• Emilio G. Cota's avatar
    tb hash: track translated blocks with qht · 909eaac9
    Emilio G. Cota authored
    Having a fixed-size hash table for keeping track of all translation blocks
    is suboptimal: some workloads are just too big or too small to get maximum
    performance from the hash table. The MRU promotion policy helps improve
    performance when the hash table is a little undersized, but it cannot
    make up for severely undersized hash tables.
    
    Furthermore, frequent MRU promotions result in writes that are a scalability
    bottleneck. For scalability, lookups should only perform reads, not writes.
    This is not a big deal for now, but it will become one once MTTCG matures.
    
    The appended fixes these issues by using qht as the implementation of
    the TB hash table. This solution is superior to other alternatives considered,
    namely:
    
    - master: implementation in QEMU before this patchset
    - xxhash: before this patch, i.e. fixed buckets + xxhash hashing + MRU.
    - xxhash-rcu: fixed buckets + xxhash + RCU list + MRU.
                  MRU is implemented here by adding an intermediate struct
                  that contains the u32 hash and a pointer to the TB; this
                  allows us, on an MRU promotion, to copy said struct (that is not
                  at the head), and put this new copy at the head. After a grace
                  period, the original non-head struct can be eliminated, and
                  after another grace period, freed.

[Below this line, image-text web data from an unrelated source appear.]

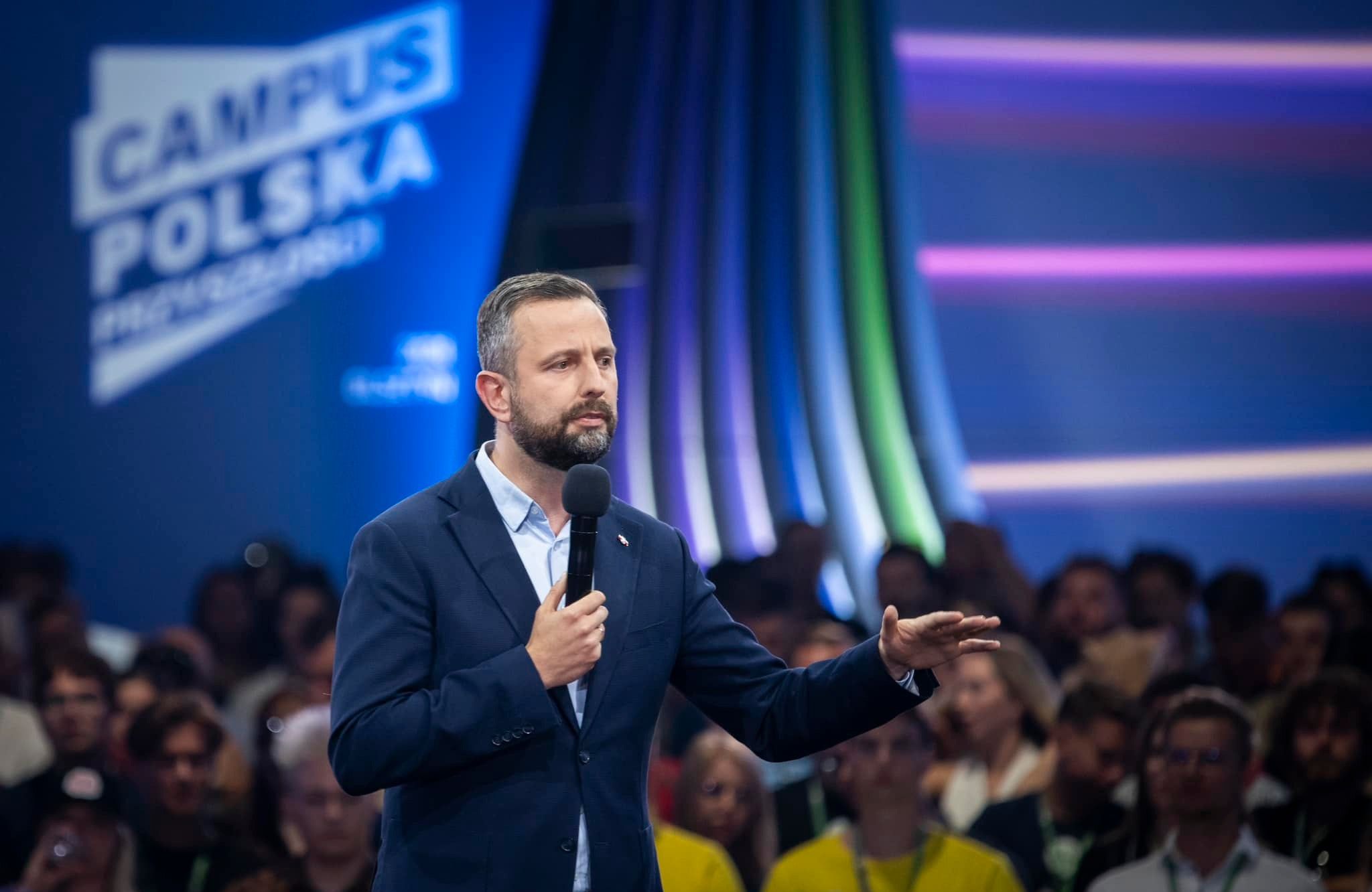 Brodaty mężczyzna (Władysław Kosiniak-Kamysz) w granatowym garniturze i białej koszuli z rozpiętym kołnierzykiem przemawia do mikrofonu. Za nim biały napis na niebieskim tle "Campus Polska".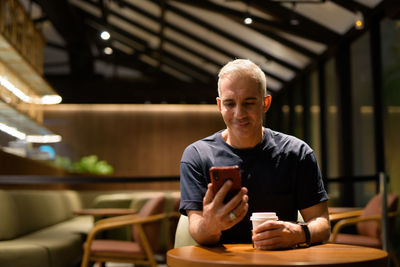 Young man using mobile phone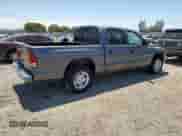 2001 Dodge Dakota Sport z VIN 1B7HL2AX51S296141, wystawiony jako Copart lot #63282445 z przebiegiem 61 567 mil mil oraz Czysty tytuł • Clean title. Historia ofert i sprzedaży dostępna na DreamBid. Obrazek 3.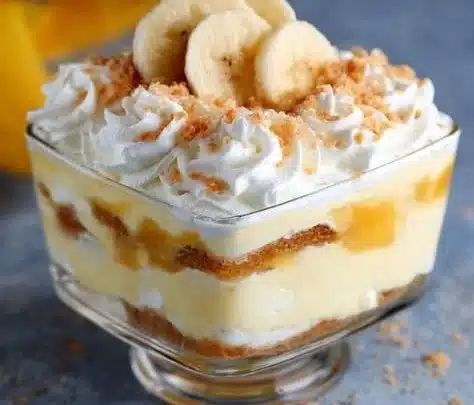 Banana Pudding 6 Delicious banana pudding served in a glass dish with banana slices and whipped cream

    - qht-fixed-nomru: fixed buckets + xxhash + qht without auto-resize +
                       no MRU for lookups; MRU for inserts.
    The appended solution is the following:
    - qht-dyn-nomru: dynamic number of buckets + xxhash + qht w/ auto-resize +
                     no MRU for lookups; MRU for inserts.
    
    The plots below compare the considered solutions. The Y axis shows the
    boot time (in seconds) of a debian jessie image with arm-softmmu; the X axis
    sweeps the number of buckets (or initial number of buckets for qht-autoresize).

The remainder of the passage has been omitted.